The Dental School and Hospital understand the concerns of the committee in respect of orthodontics and welcomes the report from the committee. We are conscious of the public demand for more extensive services and we are endeavouring to facilitate that demand through our training programmes in orthodontics. We are training more orthodontic specialists than most European dental schools and we are doing so with fewer orthodontic consultants than other schools.
It is, however, incumbent on a dental school to look at orthodontics in the context of oral and dental health and not as an isolated area. As a school and hospital we have a responsibility to train 300 students at undergraduate level in dental science, dental hygiene, dental technology and dental nursing. We have nearly 100 postgraduates in training for diploma, membership, specialist or consultant training programmes. We are providing a further 300 dentists and dental nurses with continuing education lectures and courses.

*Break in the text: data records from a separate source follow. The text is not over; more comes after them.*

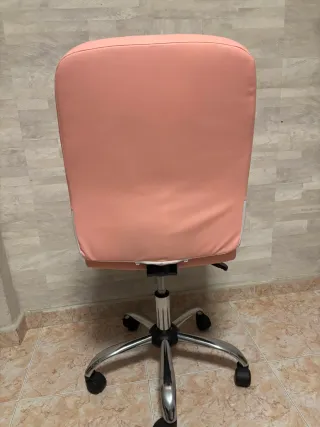 Silla giratoria rosa con base metálica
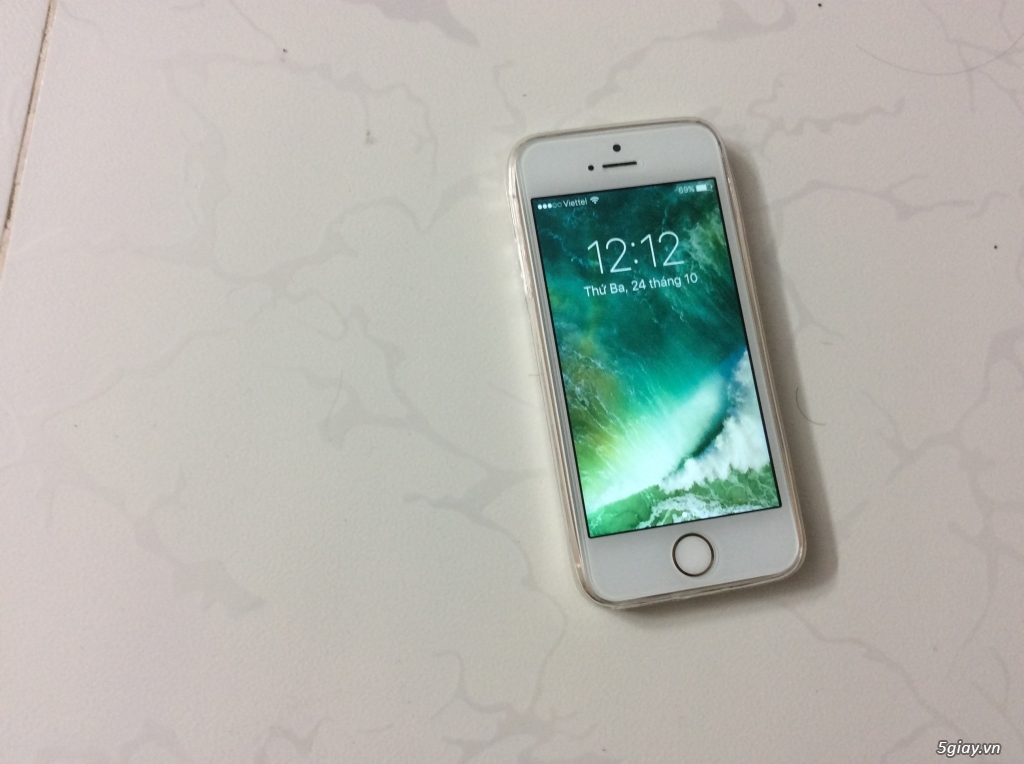 iPhone 5s 16gb gold quốc tế zin đẹp ra đi giá 2,8tr - 1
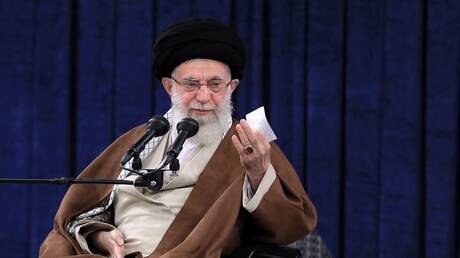 خامنئي يحدد 3 مبادىء أساسية تنتهجها إيران في دبلوماسيتها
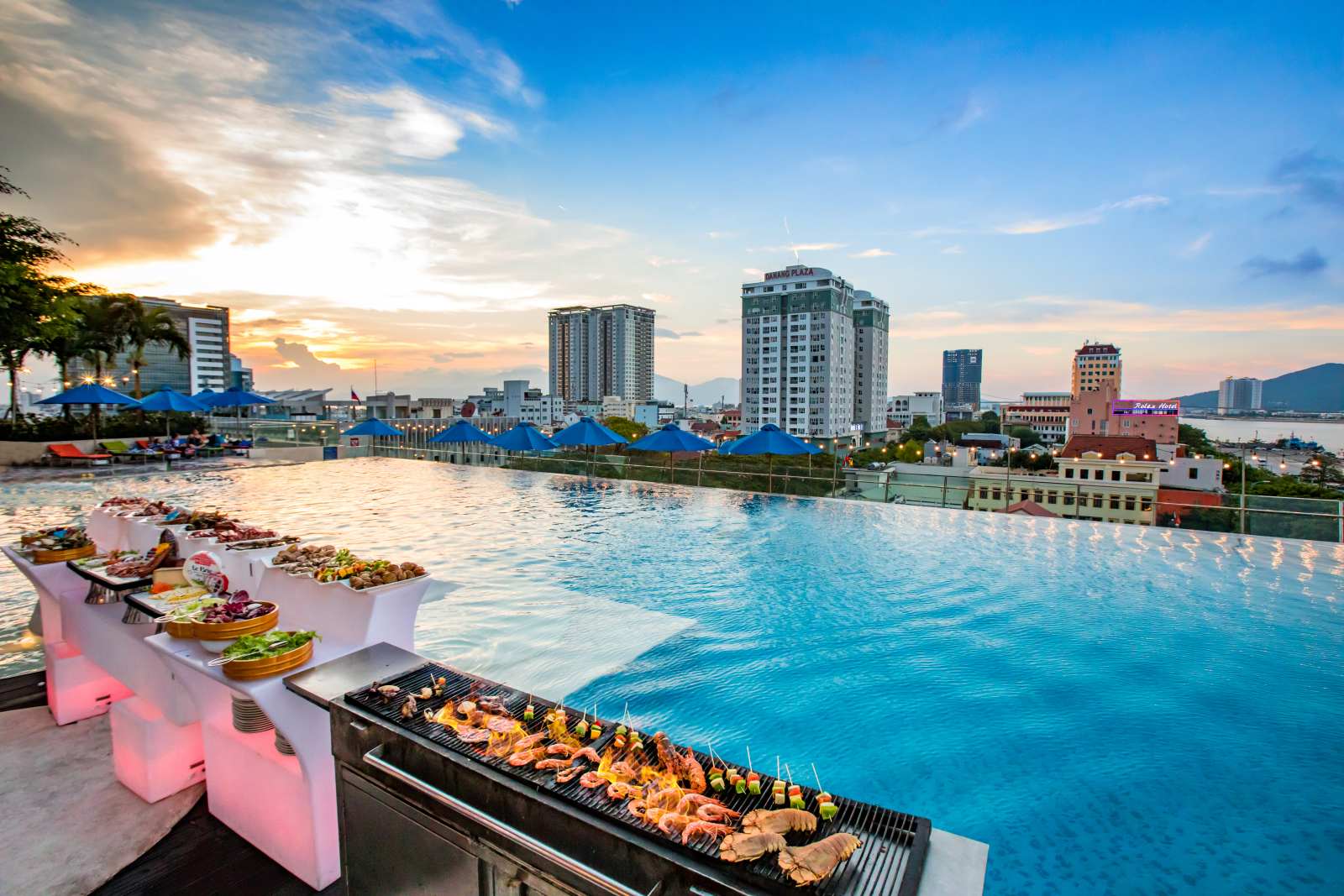 Novotel Danang Premier, Novotel Danang Premier Han River, kỷ niệm 10 năm, mừng đại lễ, chương trình ưu đãi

In terms of our delivery of clinical care to patients, we provide some 14,000 treatment episodes in orthodontics each year out of a total of 100,000. Orthodontics is not a dental disease. Most of the care we deliver is to address disease rather than malocclusion. The demand for orthodontic treatment includes a significant amount of perceived need for treatment which is not a health need. In particular, we are concerned to ensure that care is delivered to those areas of dentistry which have not had the same degree of attention as orthodontics but which encompass patients who have disabilities and who are seriously medically compromised. We find it difficult to get access to operating theatres to treat persons with intellectual and physical disability. We are struggling to deliver pre-operative care to oral cancer patients. We are only now able to address the needs of hundreds of patients with missing and defective teeth as a result of genetic defects. We have one consultant in each of these areas of real need where dental disease contributes to their disadvantage.
We welcome the joint committee's interest and concern to expand orthodontic services. We would also welcome the opportunity at a future time to present to the committee our deeper concerns about the inadequate provisions made for the more vulnerable sections of our community.